A quick note on the black art of Cisco configuration. Conveniently the Catalyst 6500 series (and likely higher models which use dCEF) has a different method of configuring NetFlow from lower-end switches. The Cisco docs don’t really touch on why this is. (This guide is based on IOS 12.2(33)SXH on the Sup720. Your mileage most likely will vary.)

So, firstly enable NetFlow like you would on any other IOS switch. It’s worth noting that at some point during the configuration you’ll likely get one of those trademark heart-stopping console freezes for up to 20 seconds. It’s not clear if this actually interrupts switching.

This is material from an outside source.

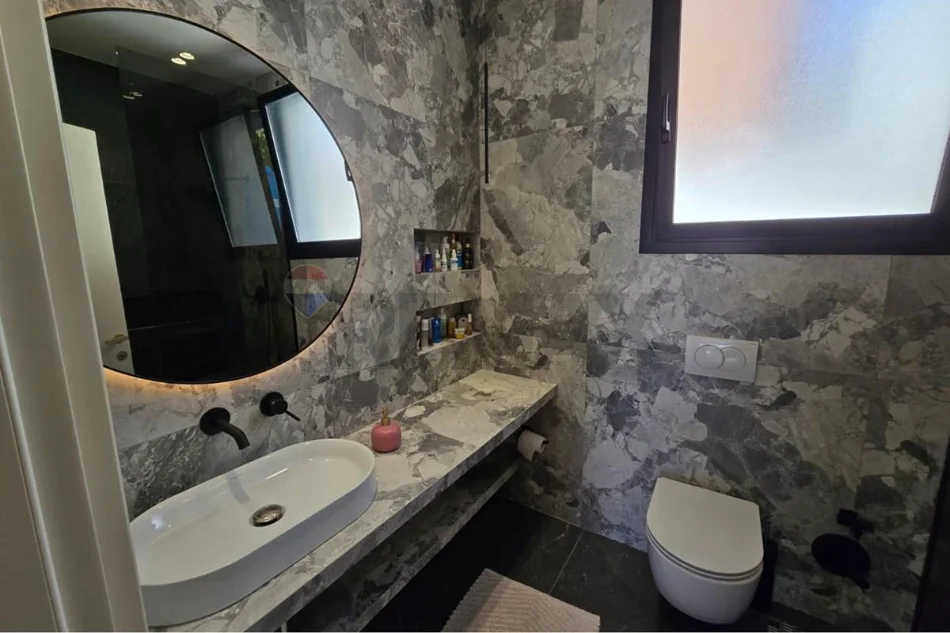 Tirane, shitet Vile 4+1 , 480 m² 590.000 €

switch(config)#interface Te2/2
switch(config-if)#ip flow ingress
switch(config-if)#ip flow egress

I understand that this command used to be called ip route-cache flow, just to add to the confusion.

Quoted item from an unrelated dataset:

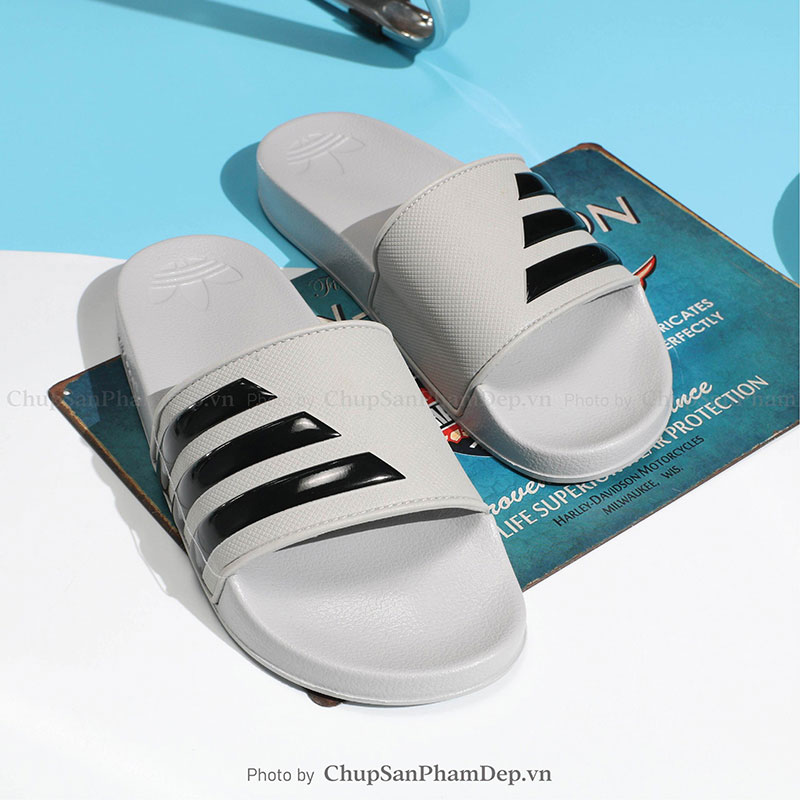 Dép Quai Ngang Adidas 3 Sọc Xéo Cá Tính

Now enable NDE to export your data to something like flow-tools:

switch(config)#ip flow-export source Vlan1
switch(config)#ip flow-export version 5 origin-as # This is where it hangs a while...
switch(config)#ip flow-export destination x.x.x.x yyyy

At this point you can run sh ip flow export to see your many flows being exported. Well, except you can’t, because on the 6500, the ip flow class of commands only deal with NetFlow for packets which hit the supervisor module, i.e. forwarding cache misses. (Older cat6500 hardware would merit a discussion of MSFCs and PFCs here, but my hardware isn’t old, so we don’t need that complication.)

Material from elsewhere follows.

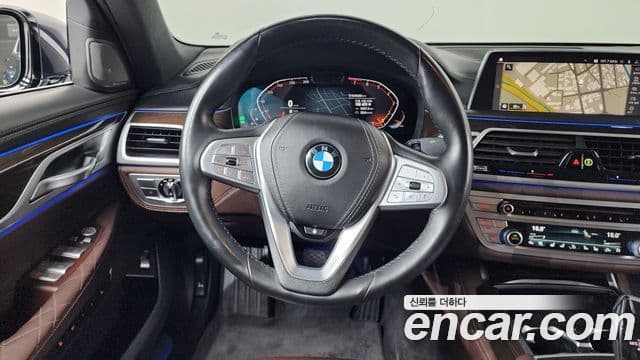 BMW 7 Series 2019 — Фото 14/20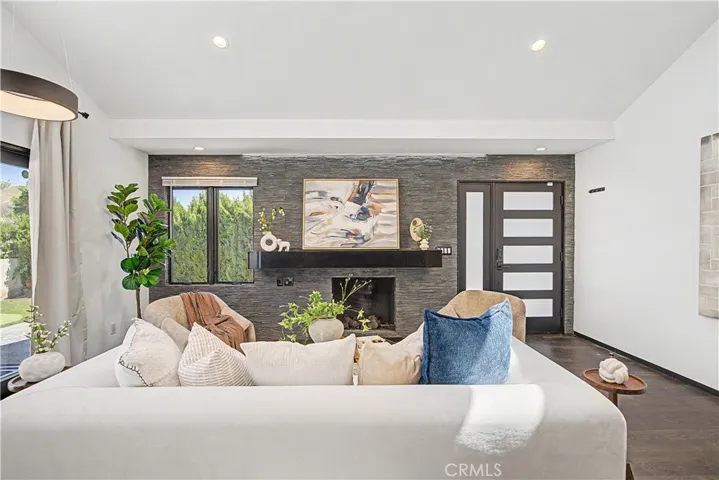 5877 Cape Horn, Agoura Hills, California 91301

So, to enable NetFlow and NDE for dCEF switched packets throughout the switch, the appropriate incantations are done using the mls series of commands:

switch(config)#mls netflow
switch(config)#mls nde sender version 5
switch(config)#mls flow ip interface-full

Confusingly, although it uses the NDE collector you configured earlier, you must view the MLS NDE stats differenlty, by using sh mls nde.

More detail can be found in the Configuring Netflow section of the Catalyst 6500 config guide.